I mentioned it earlier, but something I realize now is that AI lets people opt out of caring. It feels disingenuous to consume AI-generated emails, assignment directions, or other pieces of writing because the other person didn’t really write it. This feels like a universal experience among professors receiving fully AI-generated answers. Writing, imagery, and other media forms all constitute thinking, and there is intrinsic value in how much someone thought about the content itself.

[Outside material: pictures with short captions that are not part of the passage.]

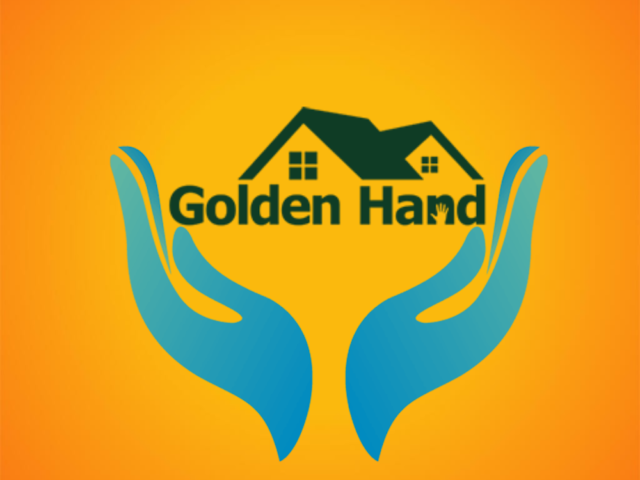 Golden hand décoration - Azrou - +212 641-064304
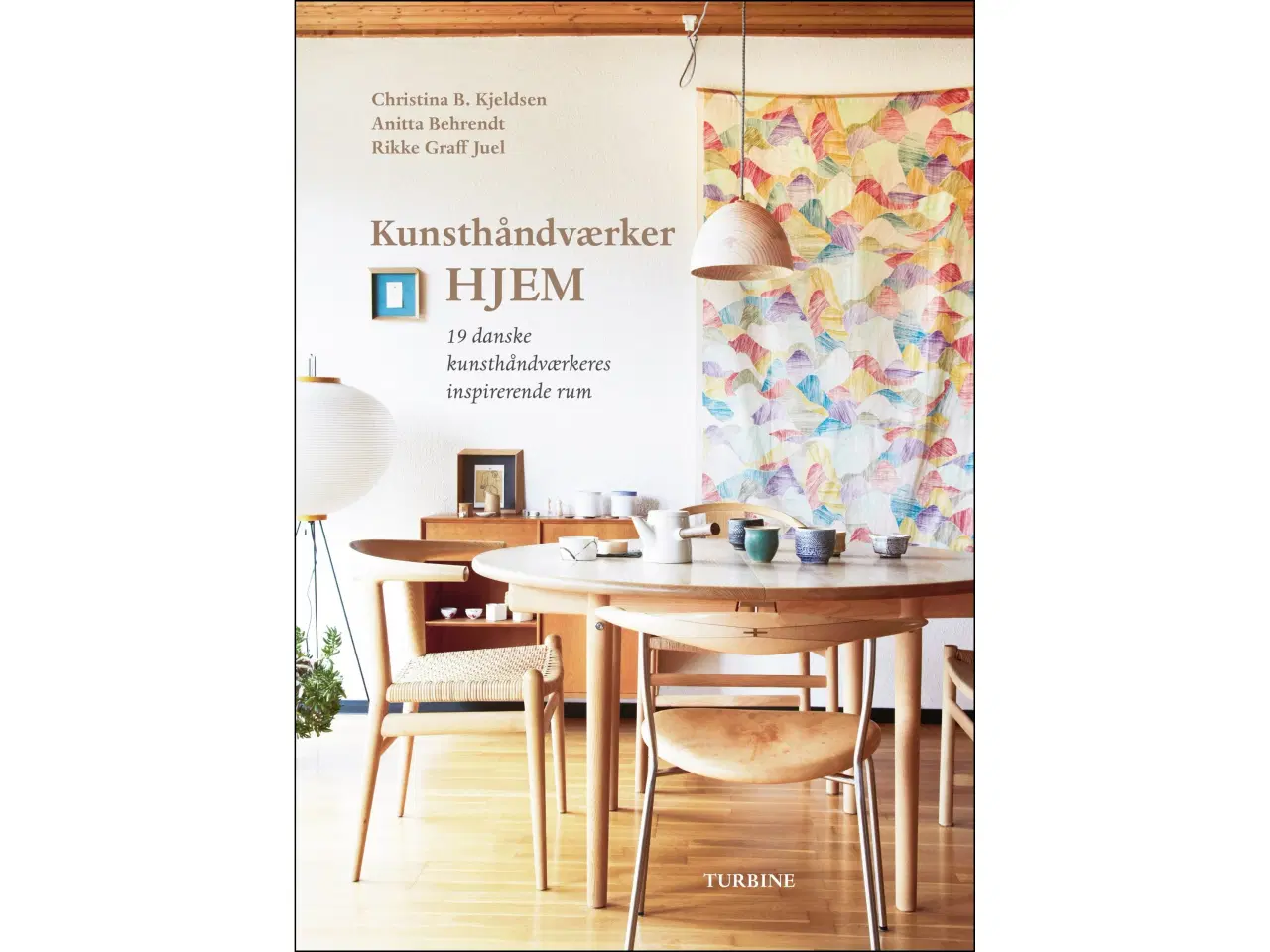 Billede 1 - Kunsthåndværkerhjem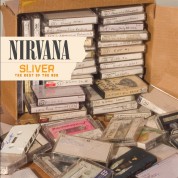 Nirvana: Sliver - The Best Of - CD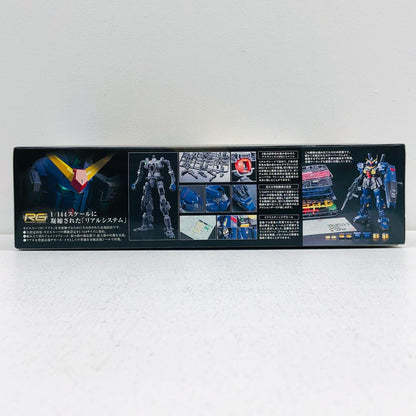 1/144 RG RX-178 Gundam Mk-II (Titans specification) "Mobile Suit Z Gundam" [0175716]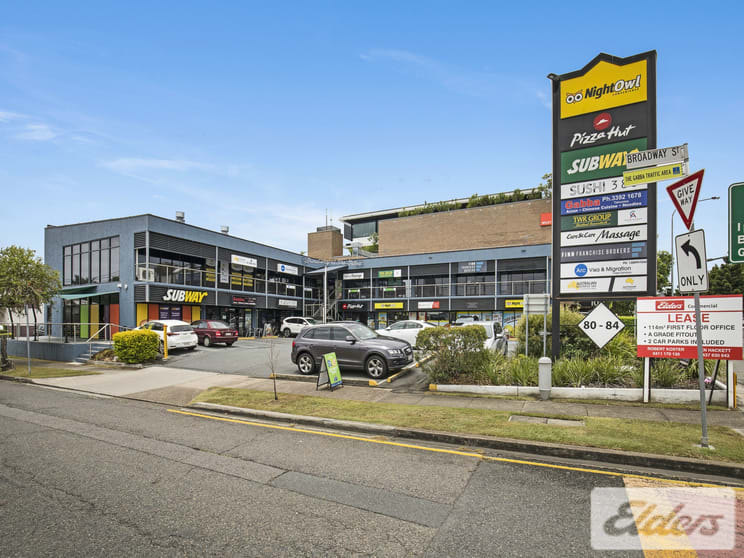 Click to view all images 80 Ipswich Road Woolloongabba QLD 4102 - Image 2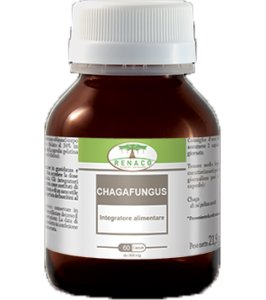 CHAGAFUNGUS 60CPS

Programming is a bit more nuanced. Peter Naur’s Programming as Theory Building encapsulates and justifies one central idea: the theory of a program is equally, if not more, important than the source code itself. The point is to maintain a mental model sophisticated enough to justify design decisions and account for future ones. I can understand the appeal of making LLM do repetitive tasks while thinking at the design level; that is, the level at which caring matters. In my experience, if I tried to put LLMs beyond this, projects became cluttered and broken. Putting this kind of program out in the real world results in security leaks.
Of course, there are serious long-term consequences to opting out of learning, which includes lived experiences and struggles. If you’re a student reading this (or anyone, really), there are plenty of reasons to care about lived experiences. They are uniquely yours. Your school can’t take them away from you, nor can some corporation. I wouldn’t let AI take those experiences away, either.